--- INFORMATION SUPPLIED Enclosed Below ---

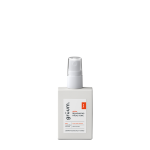 Facial tonic bottle with pump dispenser.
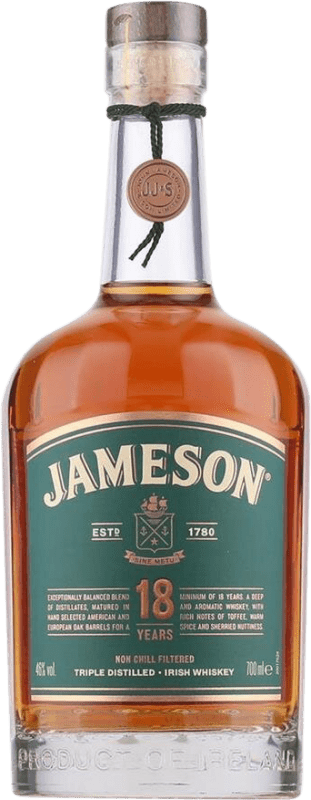 204,95 € Бесплатная доставка | Купажированный виски Jameson Ирландия 18 Лет 70 cl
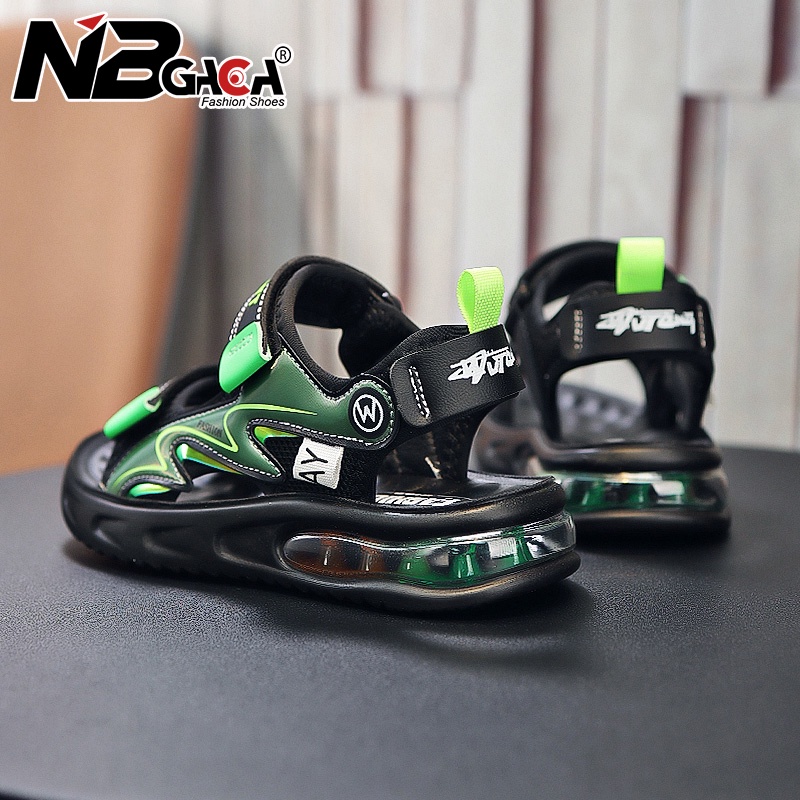 Xăng đan Thể Thao Đế Mềm Chống Nước Thoáng Khí Thời Trang Mùa Hè Dành Cho Bé Trai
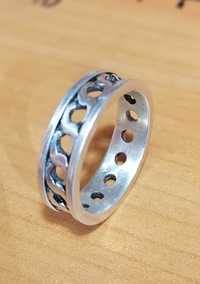 Кольцо мужское серебряное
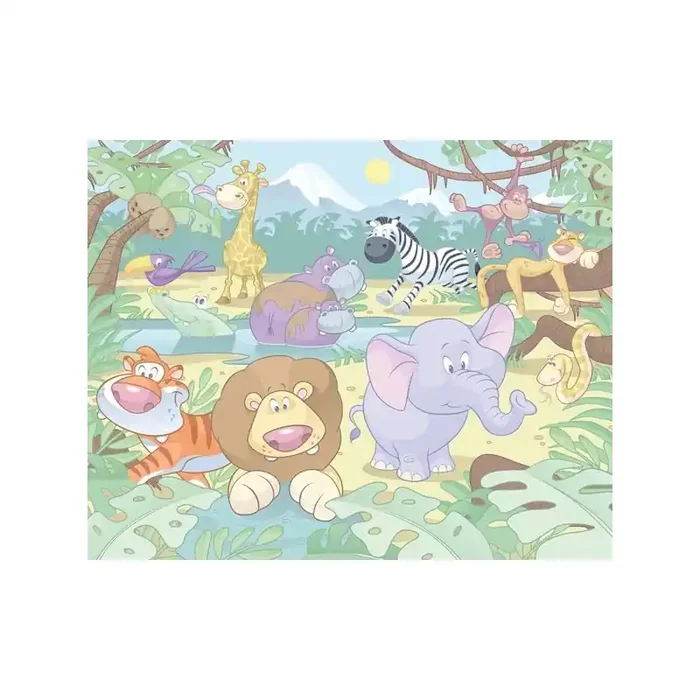 Fotomural Infantil BABY JUNGLE SAFARI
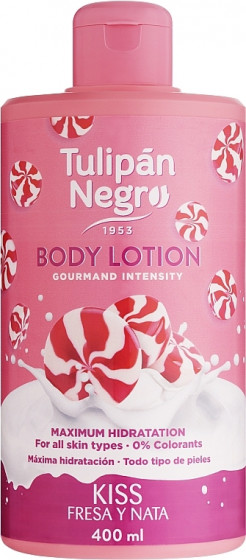 Tulipan Negro Kiss Strawberry & Cream Body Lotion - Лосьон для тела "Клубнично-кремовый поцелуй"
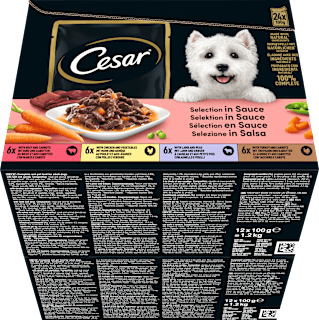 Nassfutter Hund Selection in Sauce, Multipack (24x100 g) Cesar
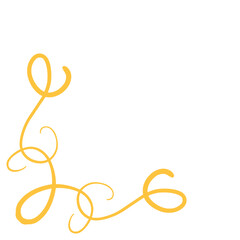 Obraz premium Gold Corner Border 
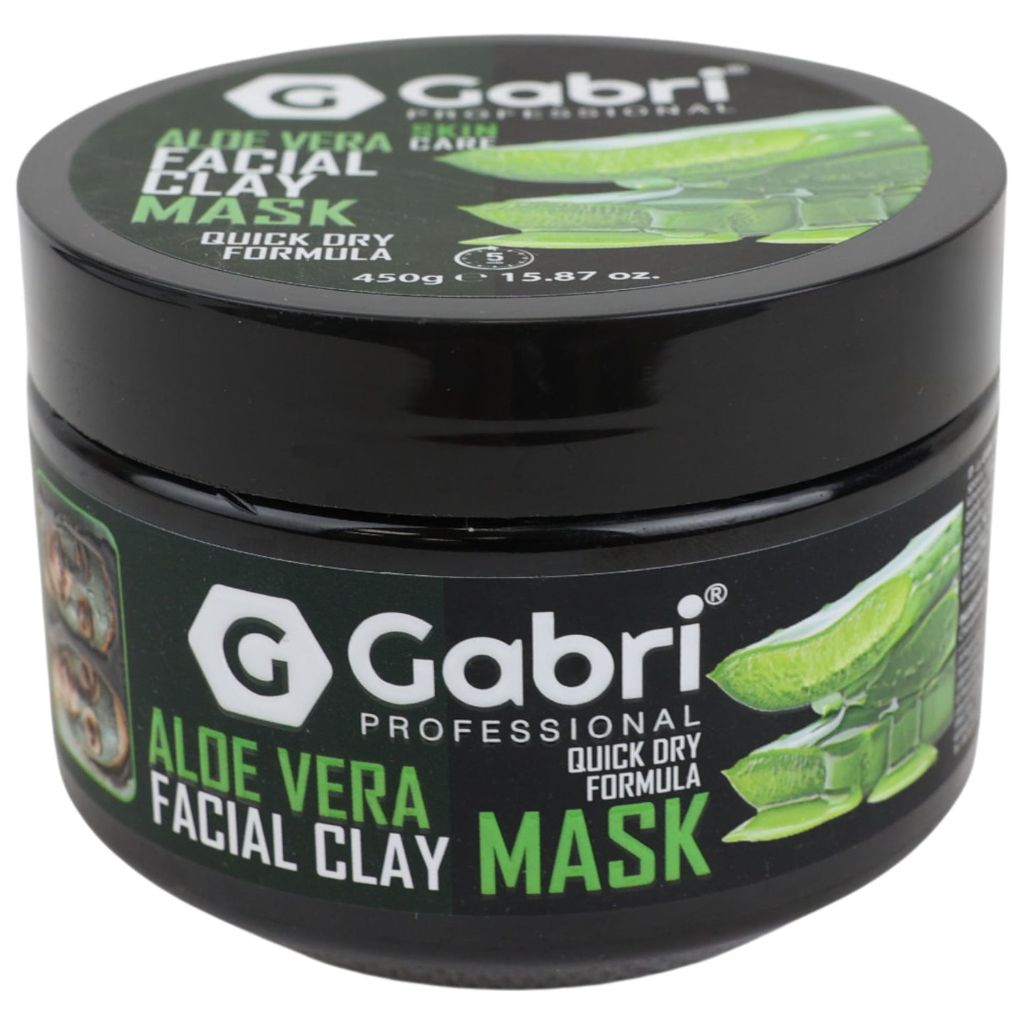 Gabri Professional Aloe Vera Facial Clay Mask 450g | Deep Cleansing 2 Gabri Professional Aloe Vera Facial Clay Mask 450g | Deep Cleansing - Image 2
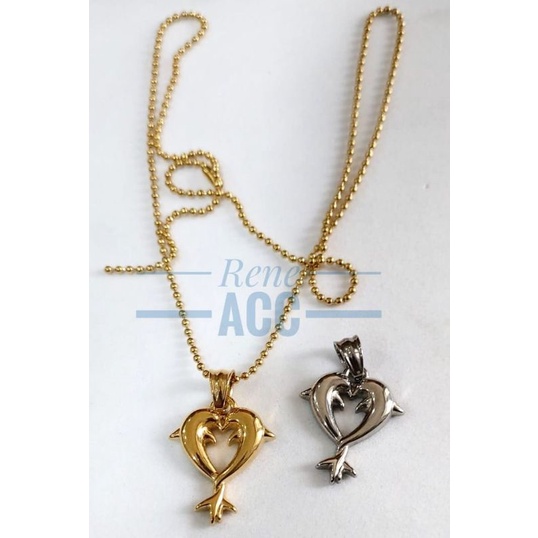 Kalung DOLPHIN Titanium Anti Karat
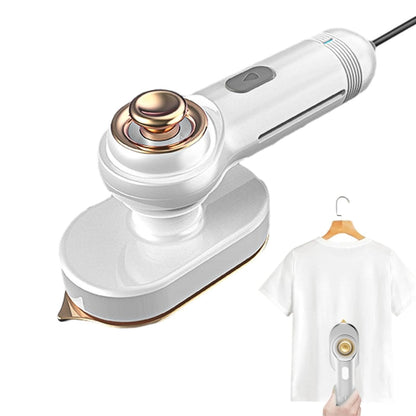 30W Mini Steamer Rotary Folding Iron Insulation Anti-Scald Garment US Plug(White) by bashfashion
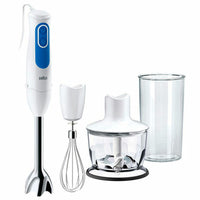 Frullatore ad Immersione Braun MQ3035 Sauce Azzurro Bianco 700 W - Augustea Shop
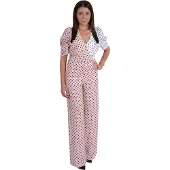 Forever Unique Roze-wit, elegant jumpsuit/broekpak - XL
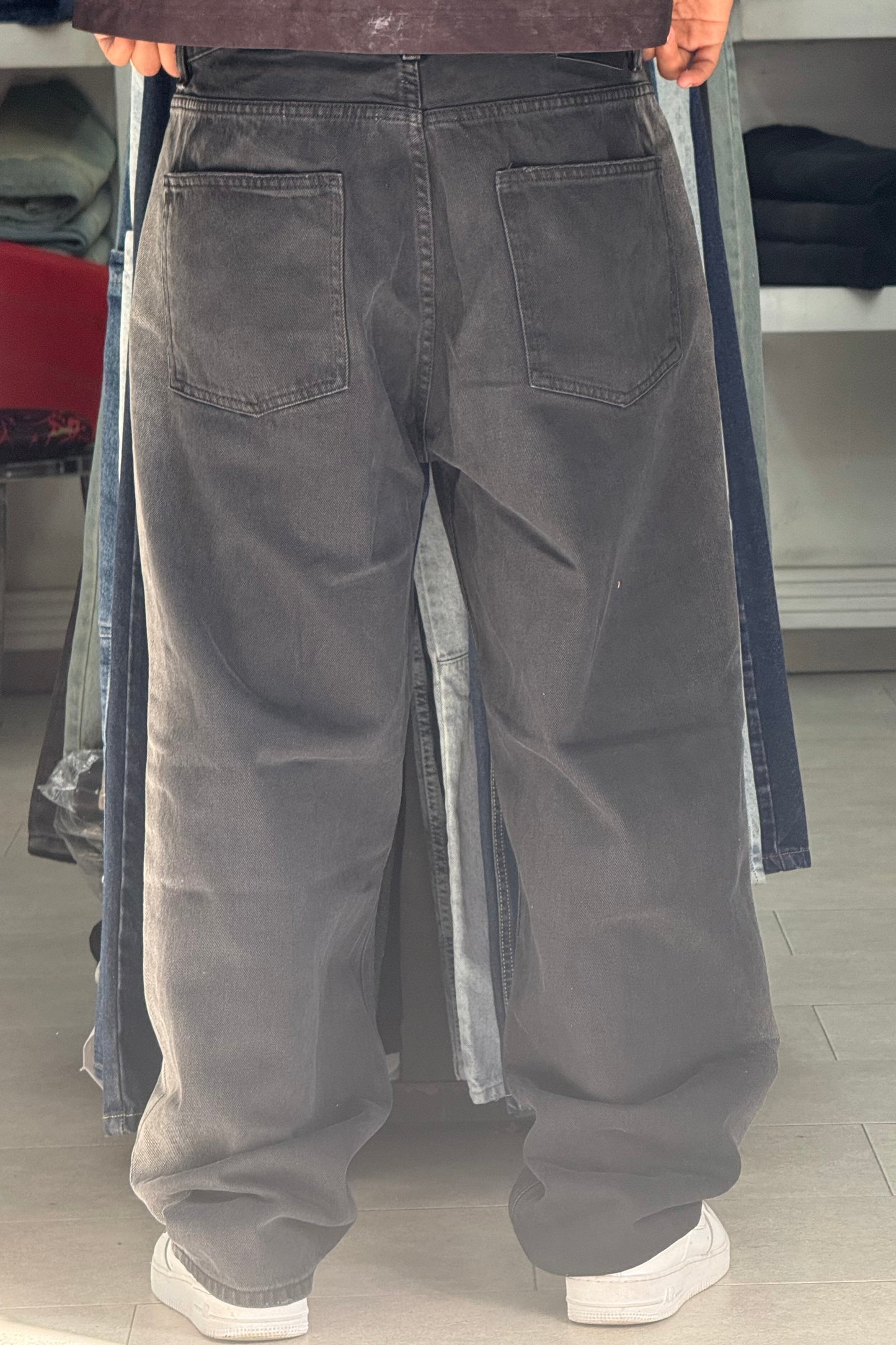 BAGGY JEANS NOIR DEGRADE 2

--- End of Enclosed INFORMATION SUPPLIED ---

### EXERCISE DIRECTIONS:
From the line containing "Frullatore ad Immersione" to the end of the data above, give those lines again verbatim, with both endpoints included and no images.

### ANSWER FOR THE TASK:
 Frullatore ad Immersione Braun MQ3035 Sauce Azzurro Bianco 700 W - Augustea Shop
 Forever Unique Roze-wit, elegant jumpsuit/broekpak - XL
 BAGGY JEANS NOIR DEGRADE 2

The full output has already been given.